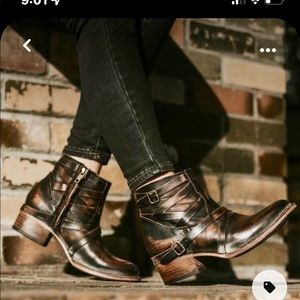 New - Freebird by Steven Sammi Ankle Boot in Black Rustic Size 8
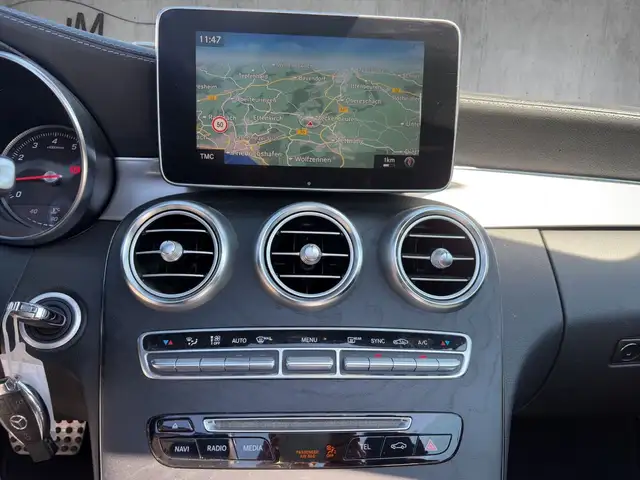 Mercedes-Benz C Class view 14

...

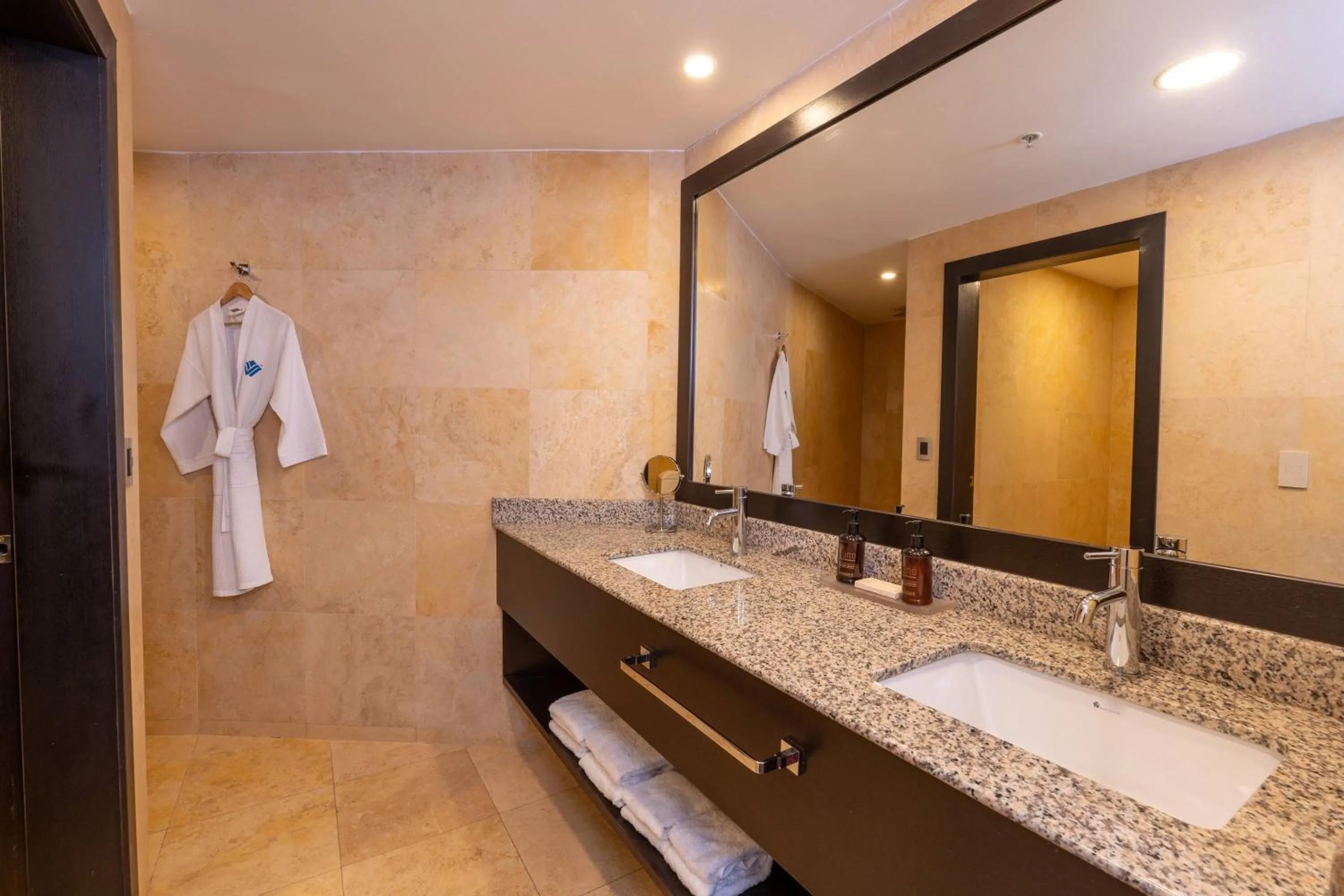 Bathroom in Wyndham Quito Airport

...

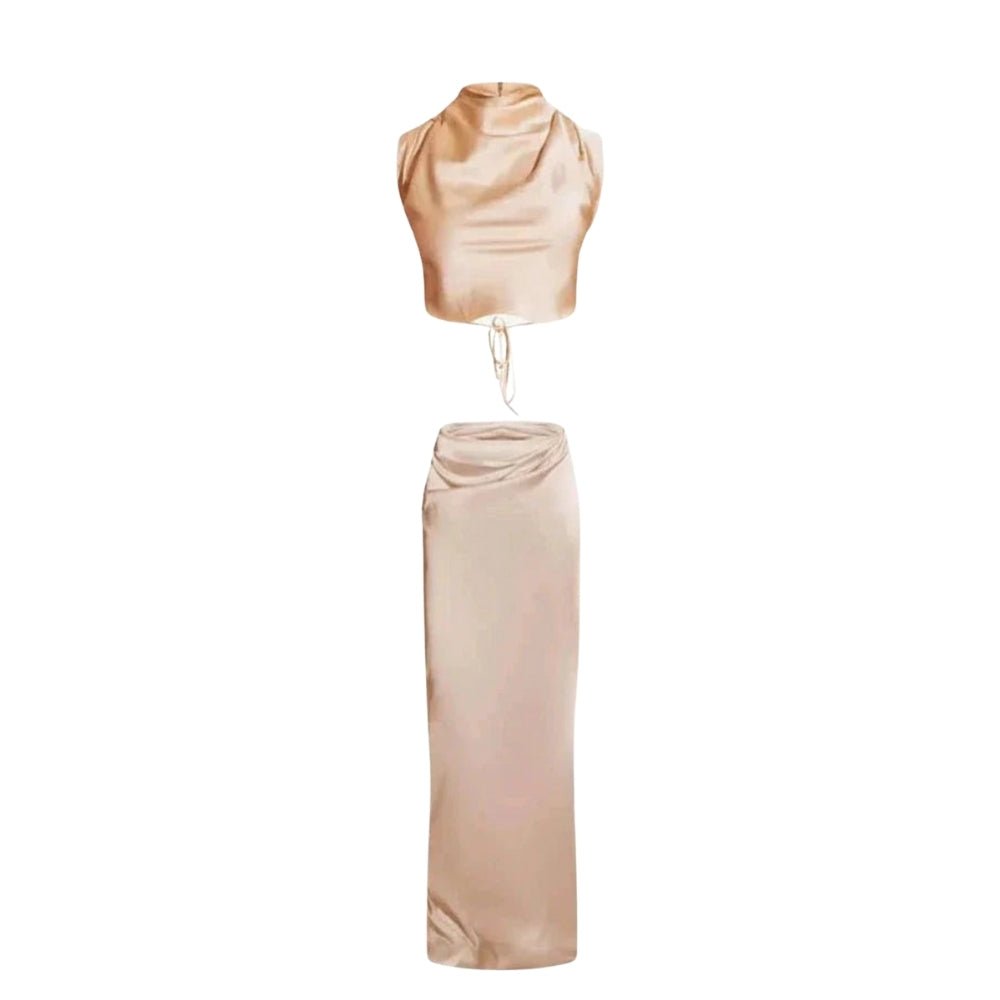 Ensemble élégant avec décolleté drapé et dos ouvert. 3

Action item: Within the data above, repeat exactly the lines from the one bearing "New - Freebird" through the one bearing "Mercedes-Benz C Class view 14". Include no pictures and nothing else.

Response for this exercise:
 New - Freebird by Steven Sammi Ankle Boot in Black Rustic Size 8
 Mercedes-Benz C Class view 14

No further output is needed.